As I wrote in my recap of Beast Games earlier this week, we’ve got one last Streaming Ratings Report to finish reporting out 2024’s viewership data. (Reminder: Nielsen ratings come out four weeks later, plus the wildfires caused some more delays.)

To close out the year, the streamers took some big, big swings, so we’re talking Squid Game, the potential death of the batch release, the NFL Christmas Day games and why sports will increasingly dominate the streaming landscape. All that, plus Virgin River, Disney+’s What If…?, Juror #2, The Six Triple Eight, Christmas movies, the NBA on Christmas Day, and an intriguing rise in smaller film releases.

Let’s dive right in!

(Reminder: The streaming ratings report focuses on the U.S. market and compiles data from Nielsen’s weekly top ten viewership ranks, Luminate’s Top Ten Data, Showlabs, TV Time trend data, Samba TV household viewership, company datecdotes, and Netflix hours viewed data, Google Trends, and IMDb to determine the most popular content. While most data points are current, Nielsen’s data covers the weeks of December 16th to December 29th.)
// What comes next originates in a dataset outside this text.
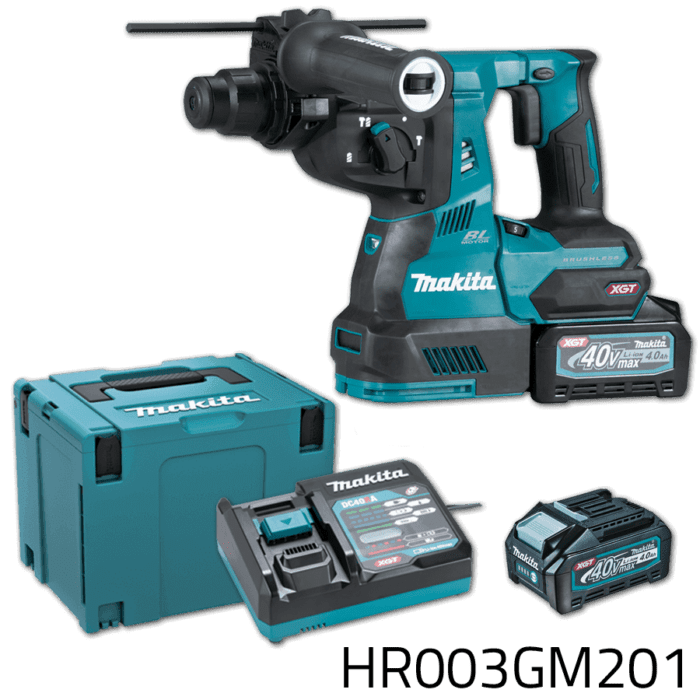 Makita HR003GM201 40V Cordless Brushless Combination Hammer (XGT Series) [Set]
(Quick Note on data: I received Luminate’s December 2024 data this week, and am still uploading it, so their charts will return next week. Also, I used some preliminary data in my article on Beast Games, but won’t use data from Nielsen past the week of 23-Dec, which is why some charts may look different.)

Sports – Netflix’s Monster NFL Ratings (For Streaming) Proves It Truly is Our Streaming Broadcast Channel 

Before we dive into the latest NFL on streaming ratings, let me quickly debunk the absolute worst data comparison I saw in the last few months.

Specifically, a lot of people wanted to compare the Jake Paul versus Mike Tyson fight to the Super Bowl, because the latter is widely acknowledged to be the biggest event on TV in America each year.

And nearly everyone got the Super Bowl number wrong!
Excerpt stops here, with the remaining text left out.